Histological images of the kidney are shown in Fig. 2. By contrast with the SO group, renal injury in the ROD group gradually deteriorated over time. Renal damage was limited to epithelial cell swelling, accompanied by inflammatory cell infiltration in both the glomerulus and interstitium during the acute and advanced stages; when progressing to the chronic stage, renal pathology was characterized by inflammatory cell infiltration and tubule collapse. By contrast, kidney sections from the SO group had a normal appearance during the whole observational period.

Representative histological images of distal femurs are shown in Fig. 3. In the acute stage, there was no notable difference in bone histology between the ROD and SO groups. Pathological lesions in the ROD group occurred at the advanced stage and were gradually aggravated thereafter. Compared with the SO group, Adriamycin induced a low-turnover bone lesion characterized by a marked decrease in bone formation rate, osteoblasts, osteoclasts, and trabecular volume thickness, and a clear elevation in osteoid volume.

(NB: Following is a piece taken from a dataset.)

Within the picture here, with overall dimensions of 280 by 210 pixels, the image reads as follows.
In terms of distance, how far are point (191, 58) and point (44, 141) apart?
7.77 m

Bone expression levels of FGF-23, Klotho, FGFR-1 and Col X at the time of sacrifice in the ROD and SO groups are shown in Fig. 4. Compared with at 24 h post-surgery, FGF-23 and FGFR-1 mRNA levels in the ROD group were significantly increased at the chronic stage; Klotho mRNA significantly increased at 72 h, 1, 2 and 3 months post-surgery, and Col X mRNA were significantly elevated at 3 months post-surgery (P<0.05). The ROD group had significant increases in FGF-23 and Klotho mRNA expression compared with the SO group at each stage (P<0.05) (Fig. 4A and B), and increased FGFR-1 mRNA at the advanced and chronic stages (P<0.05) (Fig. 4C). In the ROD group, the highest expression levels for FGF-23 mRNA were at 3 months (10.63-fold), and the highest expression levels for Klotho and FGFR-1 mRNA were at 2 months (3.83- and 6.24-fold, respectively).

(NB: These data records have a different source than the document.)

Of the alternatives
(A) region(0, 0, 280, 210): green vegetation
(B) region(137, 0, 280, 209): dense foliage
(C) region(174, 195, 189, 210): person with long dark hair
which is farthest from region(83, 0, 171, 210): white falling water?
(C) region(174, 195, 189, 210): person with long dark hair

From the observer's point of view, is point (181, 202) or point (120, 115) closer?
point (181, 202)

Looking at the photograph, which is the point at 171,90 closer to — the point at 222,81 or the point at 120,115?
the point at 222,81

On the contrary, Col X mRNA in the ROD group was significantly reduced, with a 94% decrease at 72 h (P<0.05) (Fig. 4D). Subsequently, western blotting was conducted to evaluate the bone expression levels of FGF-23, FGFR-1, Klotho and Col X protein (Fig. 4I). Compared with at 24 h post-surgery, FGF-23, Klotho and FGFR-1 protein in the ROD group were significantly higher at 72 h, 2 months and 3 months post-surgery; and Col X were significantly upregulated at the advanced and chronic stages (P<0.05). The ROD group exhibited incremental values of FGF-23 and FGFR-1 protein expression, as compared with the SO group, at each stage (P<0.05) (Fig. 4e and G), whereas a significantly higher Klotho level was observed only in the acute and chronic stages (P<0.05) (Fig. 4F). In the ROD group, the highest expression for FGF-23 and FGFR-1 proteins was at 72 h (6.63- and 1.46-fold, respectively). Furthermore, the highest expression levels of Klotho were exhibited at 3 months (1.27-fold). By contrast, the expression of Col X protein was significantly suppressed in ROD rats throughout the observational period and showed the largest downregulation (57% decrease) at 2 weeks (P<0.05) (Fig. 4H).

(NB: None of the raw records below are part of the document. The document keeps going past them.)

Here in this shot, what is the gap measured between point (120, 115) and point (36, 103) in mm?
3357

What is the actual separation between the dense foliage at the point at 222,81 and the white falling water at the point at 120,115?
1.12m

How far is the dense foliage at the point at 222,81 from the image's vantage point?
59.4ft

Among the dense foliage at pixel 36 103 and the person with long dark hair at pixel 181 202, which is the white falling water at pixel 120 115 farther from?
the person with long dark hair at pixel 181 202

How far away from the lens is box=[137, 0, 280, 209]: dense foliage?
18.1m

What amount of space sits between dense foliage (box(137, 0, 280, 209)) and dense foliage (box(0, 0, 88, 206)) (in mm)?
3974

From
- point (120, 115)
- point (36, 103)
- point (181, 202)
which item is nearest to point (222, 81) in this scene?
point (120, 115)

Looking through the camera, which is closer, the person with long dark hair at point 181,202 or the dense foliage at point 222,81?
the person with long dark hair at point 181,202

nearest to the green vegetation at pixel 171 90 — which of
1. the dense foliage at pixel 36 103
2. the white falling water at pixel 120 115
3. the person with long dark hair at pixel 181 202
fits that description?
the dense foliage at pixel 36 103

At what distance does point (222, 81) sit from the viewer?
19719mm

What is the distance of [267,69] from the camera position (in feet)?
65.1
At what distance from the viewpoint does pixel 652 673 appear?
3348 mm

Associations between serum FGF-23 levels and biochemical parameters in ROD rats are depicted in Fig. 5. Serum FGF-23 was negatively correlated with calcium (r=−0.585, P<0.01, Fig. 5A), phosphate (r=−0.645, P<0.01, Fig. 5B), 25-(OH)D (r=−0.532, P<0.01, Fig. 5C), OC (r=−0.607, P<0.01, Fig. 5e), tAP (r=−0.718, P<0.01, Fig. 5F), bAP (r=−0.503, P<0.01, Fig. 5G), PICP (r=−0.696, P<0.01, Fig. 5H), ICTP (r=−0.572, P<0.01, Fig. 5I), TRAP (r=−0.699, P<0.01, Fig. 5J), PYD (r=−0.505, P<0.01, Fig. 5K), DPD (r=−0.232, P= 0.023, Fig. 5L) and Col X (r=−0.244, P=0.017, Fig. 5N). As expected, serum FGF-23 was positively correlated with bone expression levels of the FGF-23 protein (r=+0.772, P<0.01, Fig. 5M) and serum PTH (r=+0.399, P<0.01, Fig. 5D).